Short text fragments from websites:
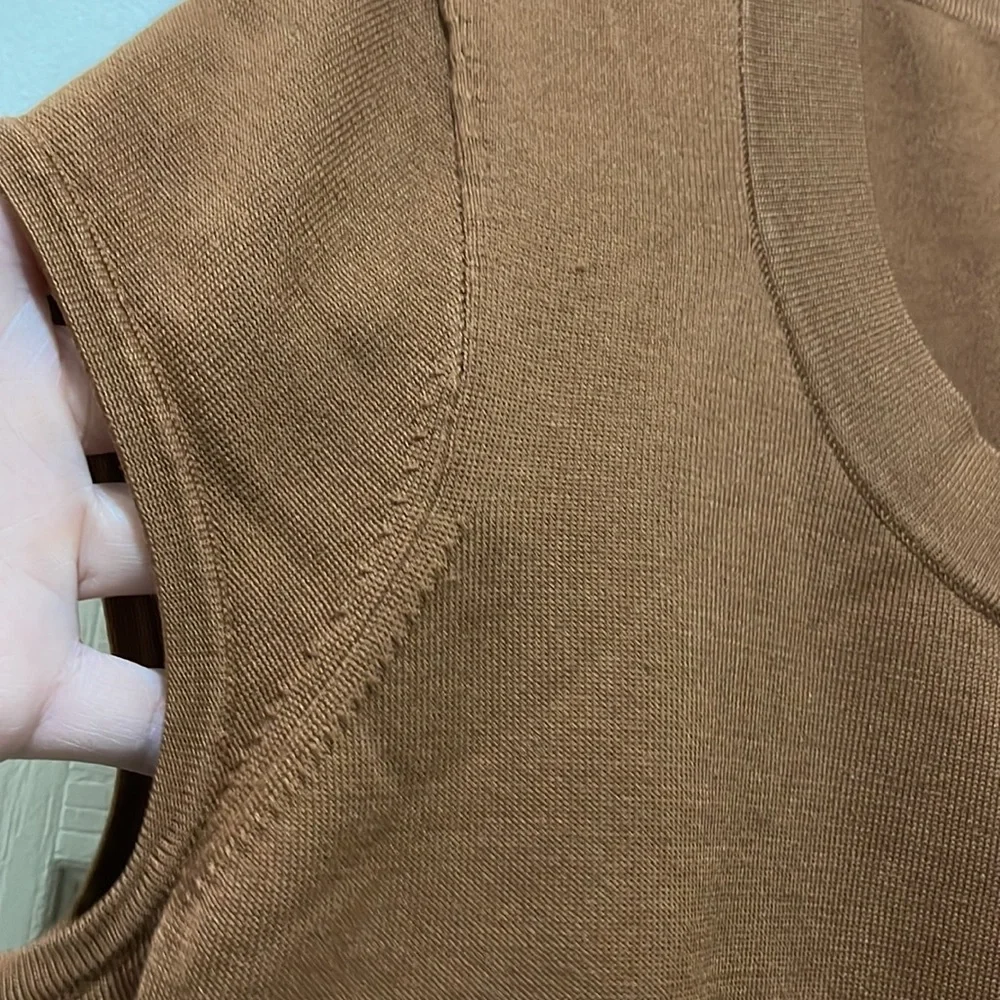 Jones New York Brown Cap Sleeve Scoop Neck Top (sz pm) - Picture 3 of 6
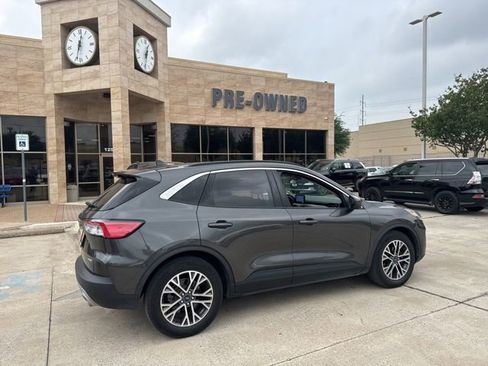 Used 2020 Ford Escape SEL FWD image 1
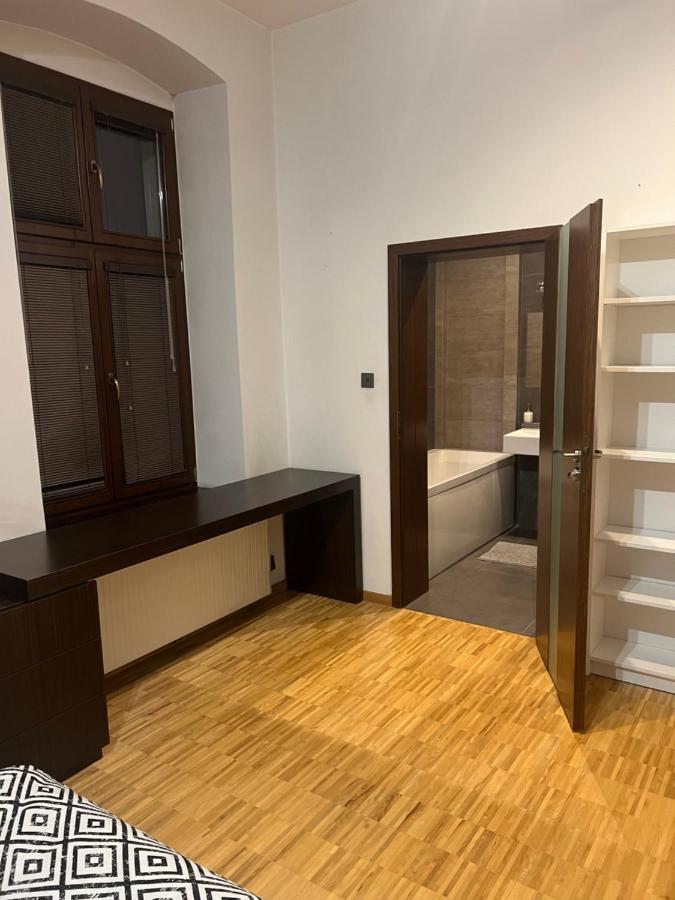 Nowoczesny 100M2 Apartament W Centrum Лодз Екстериор снимка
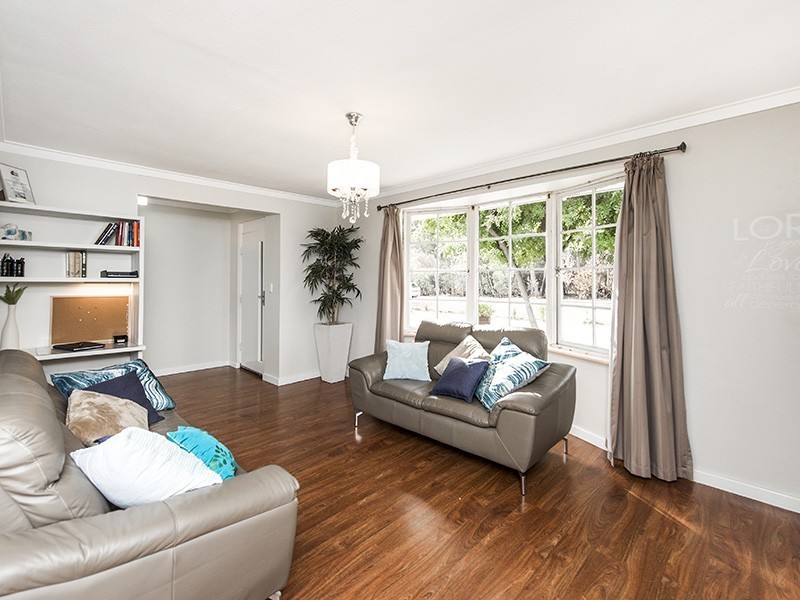 7 Guppy Road, Kalamunda WA 6076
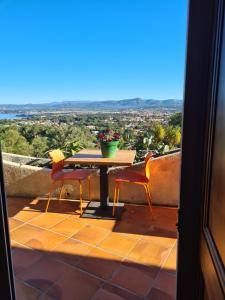 Villa M, Chambres dHôtes, Vue mer, Sauna, Piscine à Six-Fours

• **Work request**:
Reprint the data verbatim, pictures excluded.

• **Exercise output**:
 Jones New York Brown Cap Sleeve Scoop Neck Top (sz pm) - Picture 3 of 6
 Used 2020 Ford Escape SEL FWD image 1
 Nowoczesny 100M2 Apartament W Centrum Лодз Екстериор снимка
 7 Guppy Road, Kalamunda WA 6076
 Villa M, Chambres dHôtes, Vue mer, Sauna, Piscine à Six-Fours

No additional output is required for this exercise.